A spokesperson for FirstEnergy said today that Vice President of Utility Operations John Skory left the utility after a violation of company policy.
“John Skory, formerly vice president of Utility Operations for FirstEnergy, is no longer with the company following a violation of company policy,” Jennifer Young, a manager of external affairs for FirstEnergy, told the Energy and Policy Institute in an email this morning.
“Since this is a personnel matter, we’re unable to share further specific information, though I can confirm this is not related to HB 6,” Young said.
House Bill 6 is at the center of an ongoing investigation by the U.S. Attorney’s Office for the Southern District of Ohio. A number of FirstEnergy executives and directors have left the company amidst the fallout from the investigation, including former CEOs Charles Jones and Steven Strah.
The 2019 Ohio energy law included a now-repealed $1 billion ratepayer bailout of two nuclear power plants owned by FirstEnergy Solutions (FES), a then-bankrupt FirstEnergy subsidiary that later emerged as a separate new company now called Energy Harbor.

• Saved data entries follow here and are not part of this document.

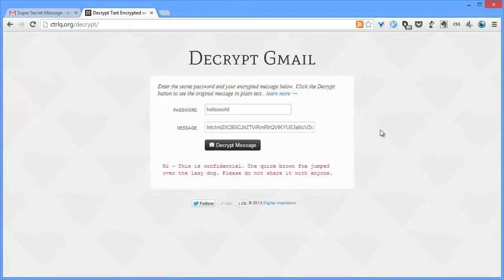Google Docs based encryption is easy and the other big advantage is that the recipients can decrypt your messages on any device, on any browser without requiring any apps or add-ons. Thanks!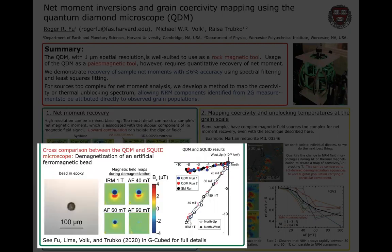We validate this result experimentally by comparing QDM data to SQUID microscope data on the same samples. This analysis procedure, described in a recent paper, allows the QDM to act as a high-resolution moment magnetometer with maximum sensitivity about two to three orders of magnitude better than the 2G cryogenic magnetometer, and comparable to the SQUID microscope.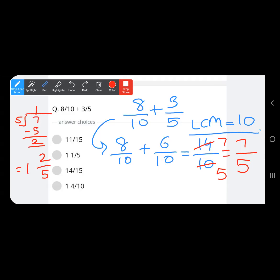So the answer is 1 and 2 upon 5. We divided 14 upon 10 by 2 to get 7 upon 5, then divided 7 by 5 to get quotient 1 with remainder 2. The denominator remains 5, so the final answer is 1 and 2 upon 5.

HB 6 also rolled back Ohio’s renewable energy and energy standards for electric utilities, bailed out several coal plants connected to FES, and included a controversial “decoupling” provision that locked in FirstEnergy’s annual earnings in Ohio at ratepayers’ expense.
Randazzo, who resigned from PUCO after the FBI raided his home, has not been named or charged in the investigation but is a defendant in a related civil lawsuit filed by Ohio Attorney General Dave Yost.
Skory has also not been named or charged in the federal investigation.
“The audit report examined expenses identified by FirstEnergy Corp. in its Feb. 18, 2021 report to the Securities and Exchange Commission (SEC) to be improperly classified, misallocated, or lacked supporting documentation,” PUCO said in a press release announcing the audit, which recommended millions of dollars in related refunds to FirstEnergy’s Ohio customers.
The scope of the audit did not include determining why the payments were improper.
FirstEnergy controller Tracy Ashton later identified Tony George as the unnamed “Individual B” described in a statement of facts the company agreed to as part of its deferred prosecution agreement.
Cleveland.com reported that George acted as “intermediary between top FirstEnergy officials and now-indicted former House Speaker Larry Householder.”
Ashton identified George during a deposition in a civil lawsuit filed by FirstEnergy shareholders in response to the HB 6 scandal.
George has not been named or charged in the federal investigation and previously told Cleveland.com that any payments his companies billed FirstEnergy for were proper.
“As I noted previously, we’re unable to share further information about this personnel matter,” Young said when asked if Skory’s departure and violation were related to George.
FirstEnergy’s statement that Skory’s exit from the company is not related to HB 6 raises new and unanswered questions about what exactly Skory did that violated company policy.
Skory’s departure occurred sometime in the past two weeks. FirstEnergy’s website still lists Skory as a member of the company’s leadership on a page marked as last updated on October 20, 2022.
Skory’s career with the company began in 1977 when he joined CEI, according to a bio found online.